The answer must be an exact copy of the lines from the one with "2011 Honda Civic LX" to the last line of the entries below, both included, and must contain no pictures.

Material supplied:
■ ■ ■

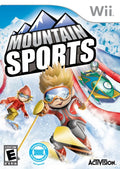 Mountain Sizeports (Wii)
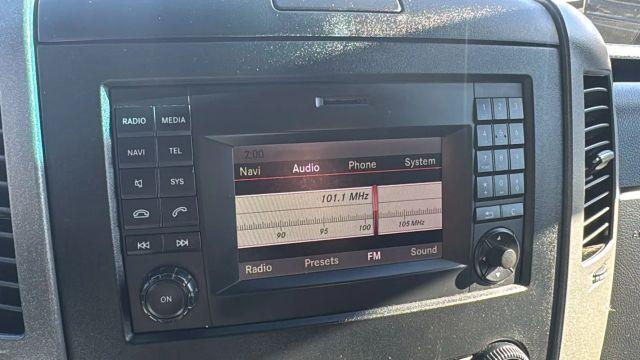 used 2014 Mercedes-Benz Sprinter car, priced at $29,999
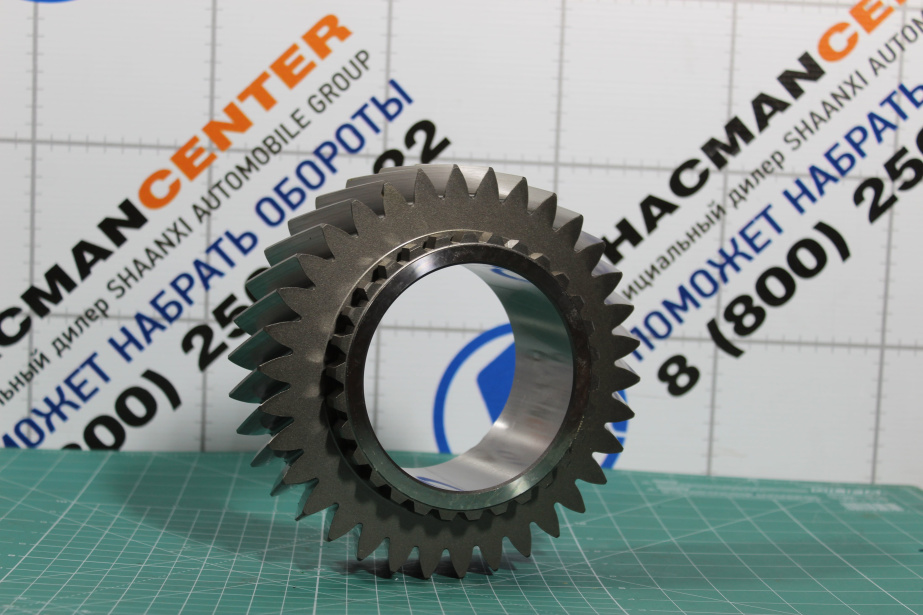 Шестерня передачи 35RD 34 T SHAANXI, ZF, (195531521K) для грузовиков *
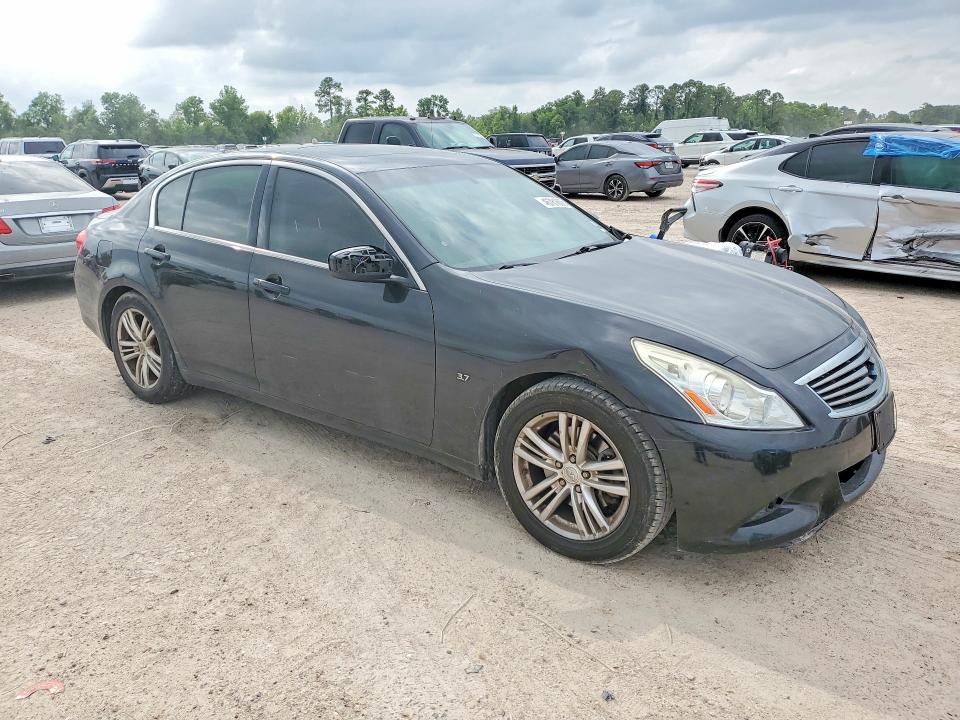 2015 Infiniti Q40 მანქანა იყიდება აუქციონზე, vin: JN1CV6AP9FM500062, აუქციონის ნომერი: 46781606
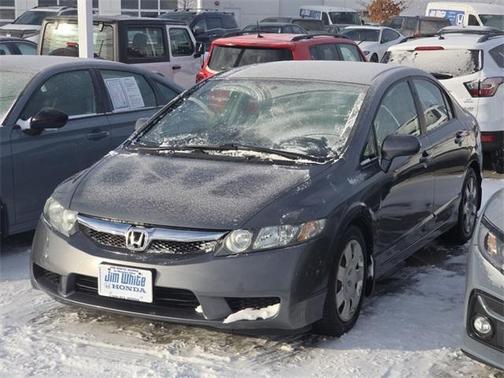 2011 Honda Civic LX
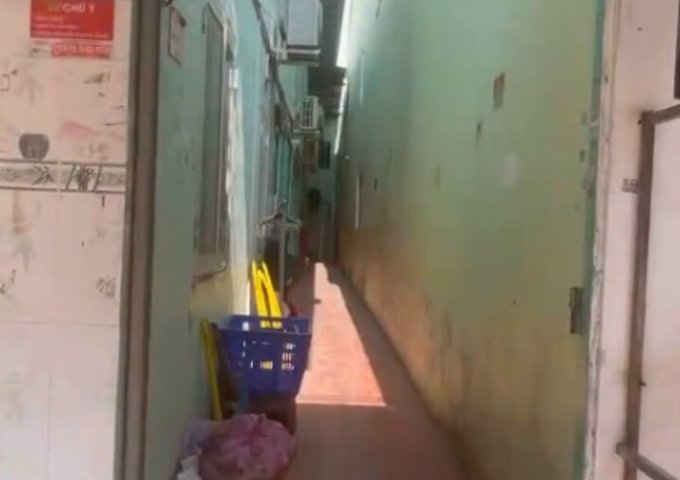 SIÊU PHẨM MẶT TIỀN CẦU XÉO - PHƯỜNG TÂN QUÝ - DÒNG TIỀN THU NHẬP KHỦNG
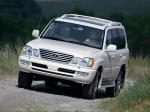 Lexus LX470 2005 года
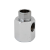 Braun 3/8 adapter "1/4" zárócsaphoz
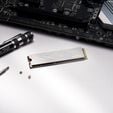 ADATA XPG MARS 980 BLADE NVMe SSD, PCIe 5.0 M.2 Typ 2280  - 1 TB image number null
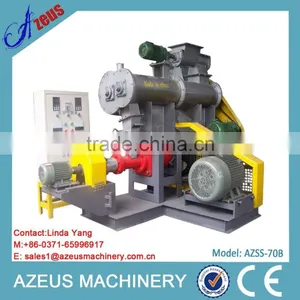 Multi-function Fish Food Making Extruder/pet Fish Food Machinery thumbnail-2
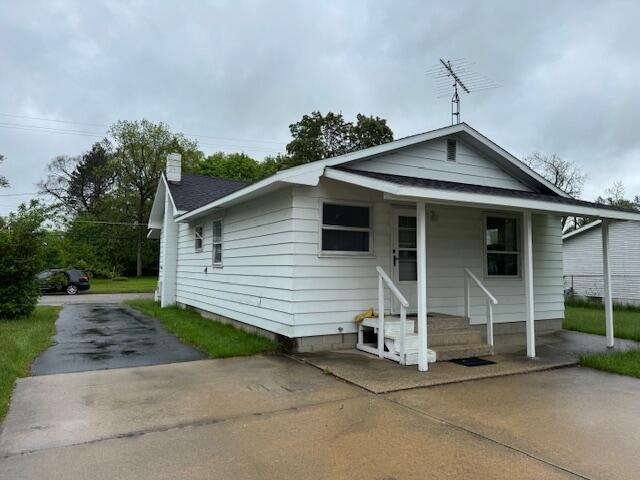 Property Photo:  723 S Mill Street  MI 49677 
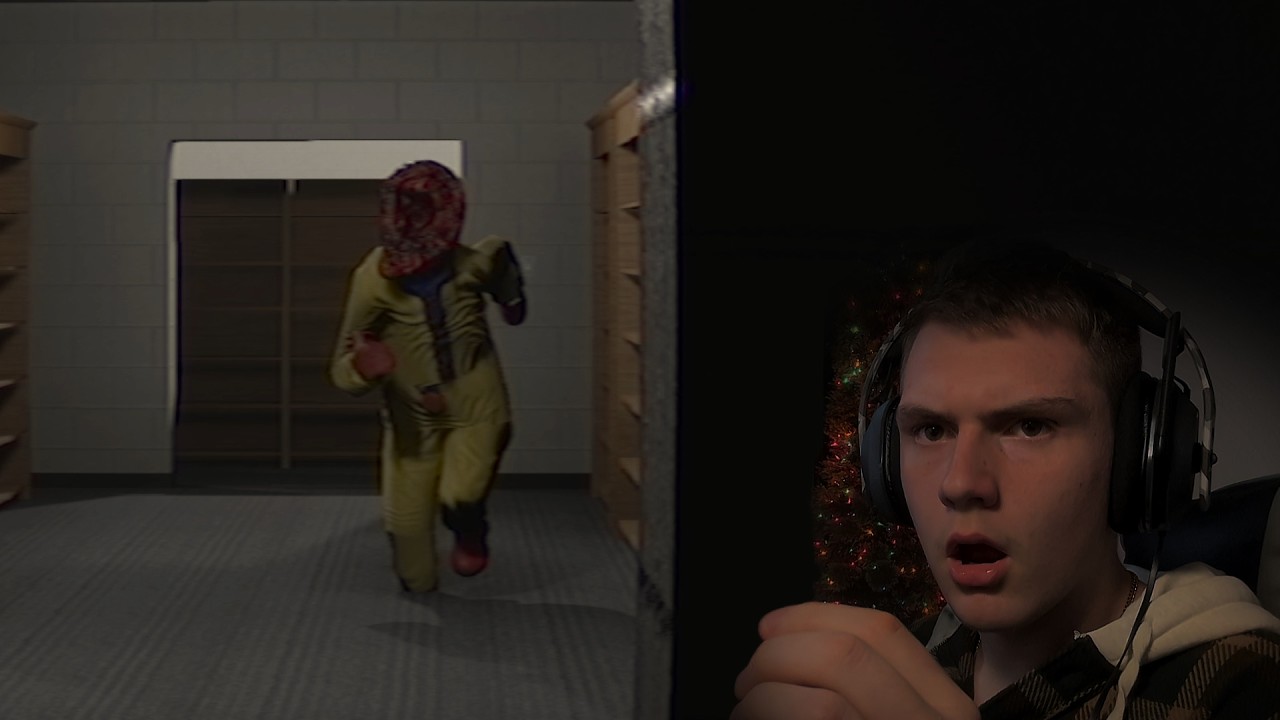 HE CAN HEAR YOU BREATHE l The Classrooms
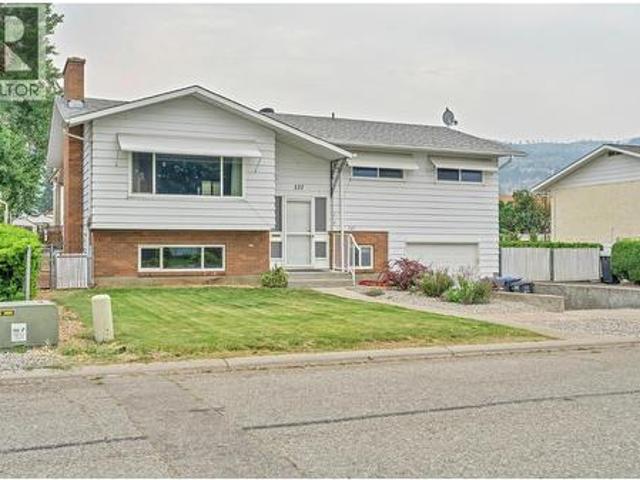 House for sale in Penticton, British Columbia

■ ■ ■

Solution below:
 2011 Honda Civic LX
 SIÊU PHẨM MẶT TIỀN CẦU XÉO - PHƯỜNG TÂN QUÝ - DÒNG TIỀN THU NHẬP KHỦNG
 Lexus LX470 2005 года
 Braun 3/8 adapter "1/4" zárócsaphoz
 ADATA XPG MARS 980 BLADE NVMe SSD, PCIe 5.0 M.2 Typ 2280  - 1 TB image number null
 Multi-function Fish Food Making Extruder/pet Fish Food Machinery thumbnail-2
 Property Photo:  723 S Mill Street  MI 49677 
 HE CAN HEAR YOU BREATHE l The Classrooms
 House for sale in Penticton, British Columbia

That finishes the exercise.